**WHAT IS EXPECTED:** If pictures appear, leave them out, and return exactly the lines from the one holding "Kôň - hlava silueta" through the last line of the listing below.

**RECORDS SHOWN:**
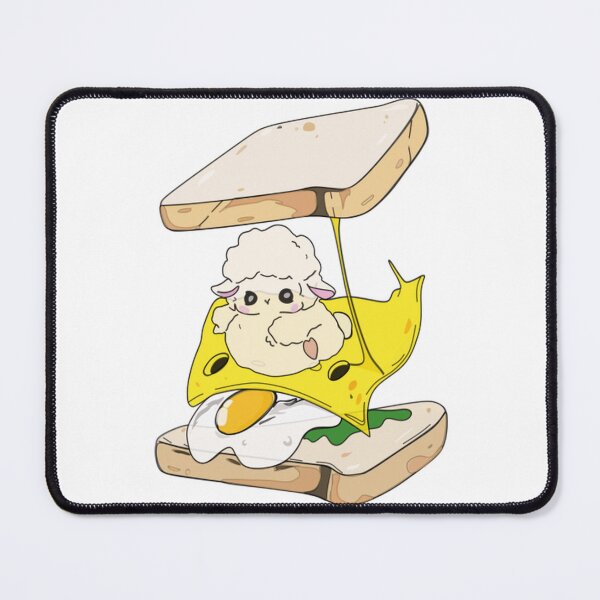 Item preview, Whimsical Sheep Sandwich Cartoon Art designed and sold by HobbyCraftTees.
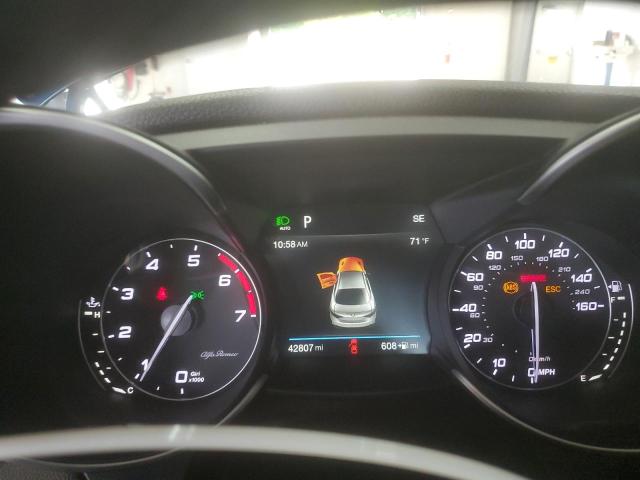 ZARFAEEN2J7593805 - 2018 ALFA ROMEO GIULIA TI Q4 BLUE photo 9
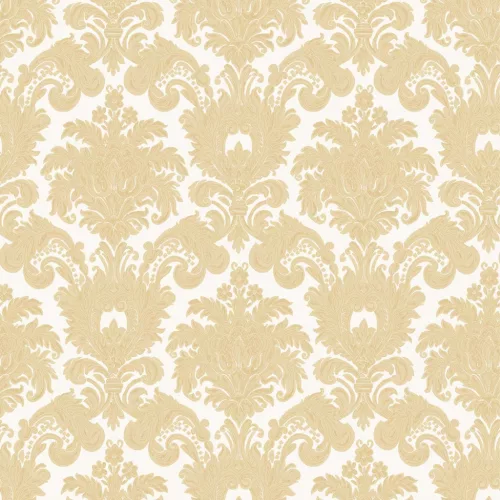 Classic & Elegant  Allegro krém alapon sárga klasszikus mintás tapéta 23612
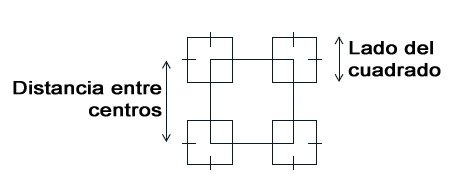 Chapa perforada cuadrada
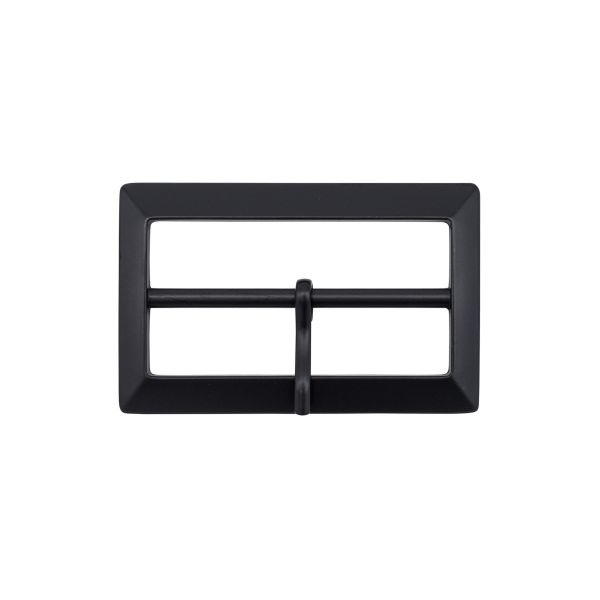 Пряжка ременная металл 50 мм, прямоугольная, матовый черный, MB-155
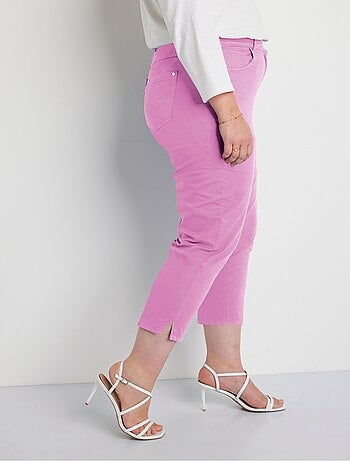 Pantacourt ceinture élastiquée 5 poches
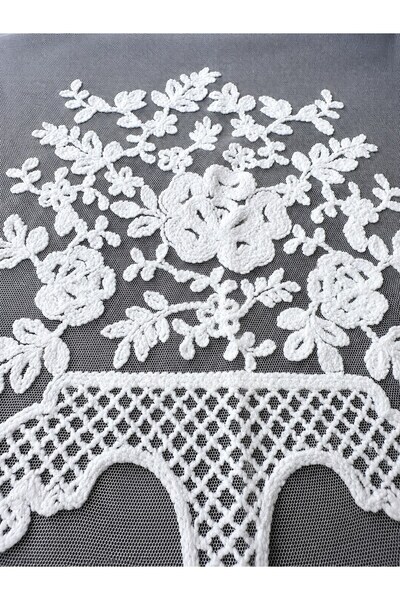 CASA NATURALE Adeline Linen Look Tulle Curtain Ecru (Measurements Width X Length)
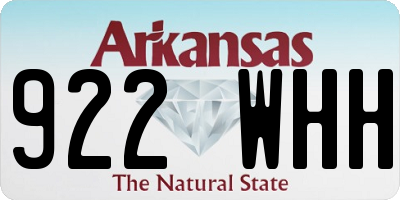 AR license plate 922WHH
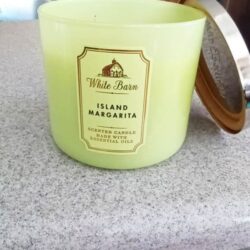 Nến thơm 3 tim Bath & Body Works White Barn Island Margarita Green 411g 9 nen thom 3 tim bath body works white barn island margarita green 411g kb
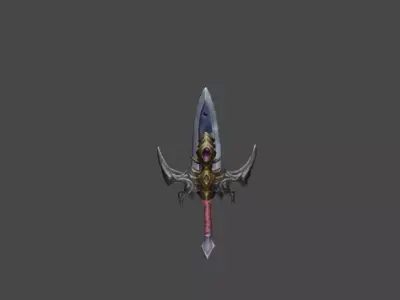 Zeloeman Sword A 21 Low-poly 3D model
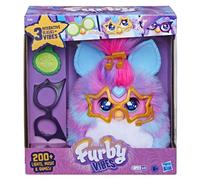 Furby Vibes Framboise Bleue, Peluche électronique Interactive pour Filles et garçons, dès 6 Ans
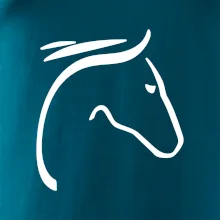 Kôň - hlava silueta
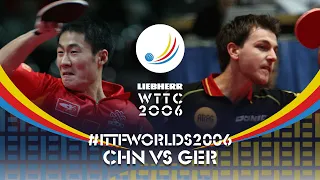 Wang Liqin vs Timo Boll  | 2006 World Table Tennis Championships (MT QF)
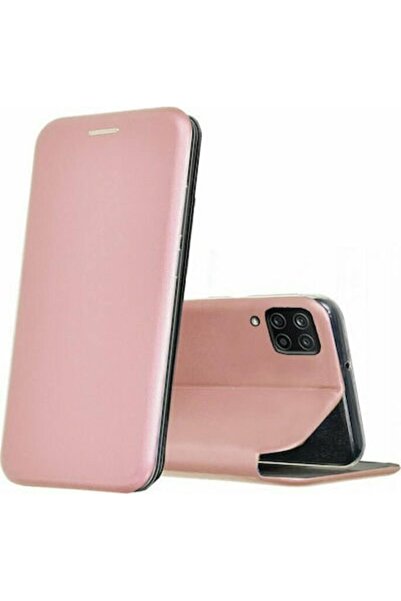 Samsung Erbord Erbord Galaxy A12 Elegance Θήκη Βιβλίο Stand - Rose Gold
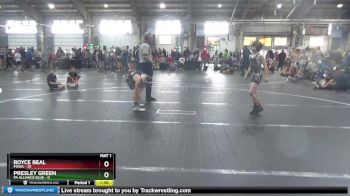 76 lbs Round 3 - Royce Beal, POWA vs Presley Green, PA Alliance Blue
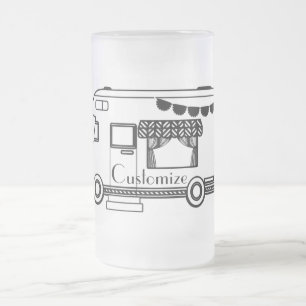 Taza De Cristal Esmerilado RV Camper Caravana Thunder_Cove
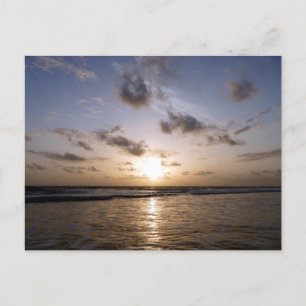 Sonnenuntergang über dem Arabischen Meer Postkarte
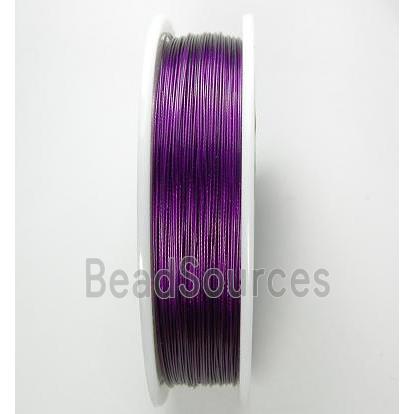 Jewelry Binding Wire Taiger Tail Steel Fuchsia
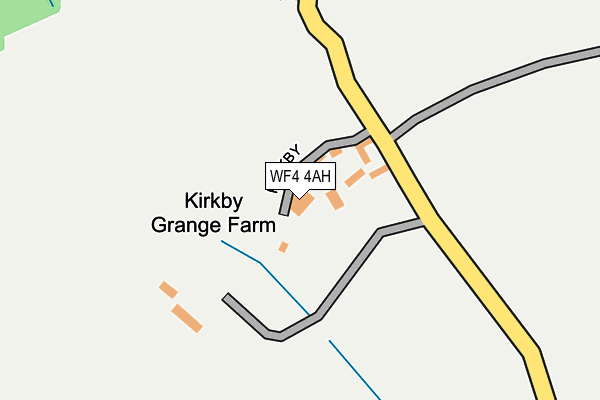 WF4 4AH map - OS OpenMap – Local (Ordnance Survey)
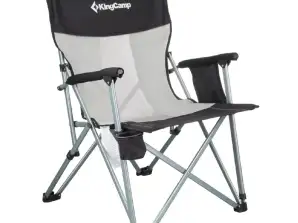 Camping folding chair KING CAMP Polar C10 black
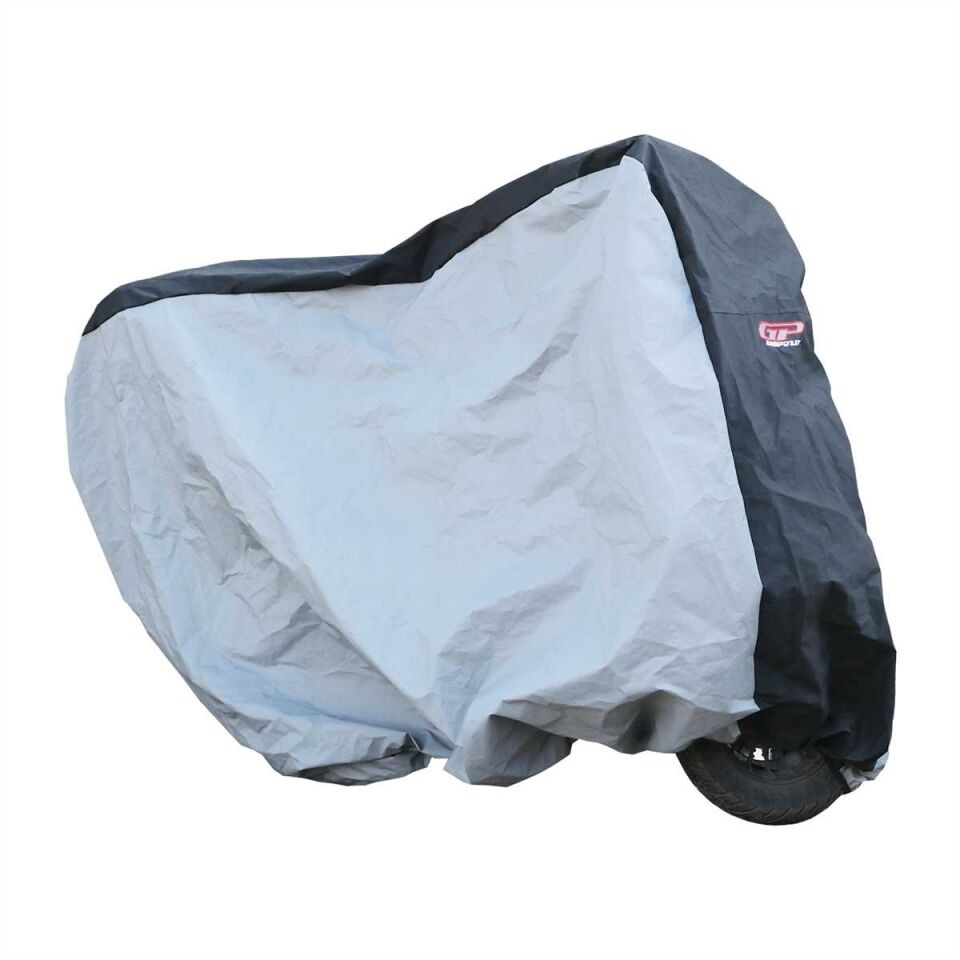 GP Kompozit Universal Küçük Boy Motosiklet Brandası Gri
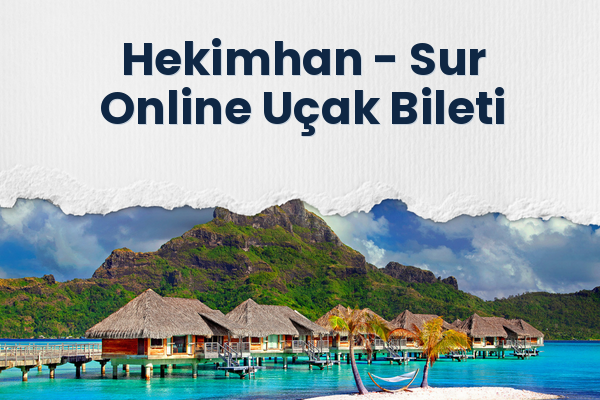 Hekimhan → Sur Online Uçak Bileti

**ANSWER BOX:**
 Kôň - hlava silueta
 Wang Liqin vs Timo Boll  | 2006 World Table Tennis Championships (MT QF)
 Samsung Erbord Erbord Galaxy A12 Elegance Θήκη Βιβλίο Stand - Rose Gold
 76 lbs Round 3 - Royce Beal, POWA vs Presley Green, PA Alliance Blue
 Taza De Cristal Esmerilado RV Camper Caravana Thunder_Cove
 Sonnenuntergang über dem Arabischen Meer Postkarte
 Jewelry Binding Wire Taiger Tail Steel Fuchsia
 WF4 4AH map - OS OpenMap – Local (Ordnance Survey)
 Camping folding chair KING CAMP Polar C10 black
 GP Kompozit Universal Küçük Boy Motosiklet Brandası Gri
 Hekimhan → Sur Online Uçak Bileti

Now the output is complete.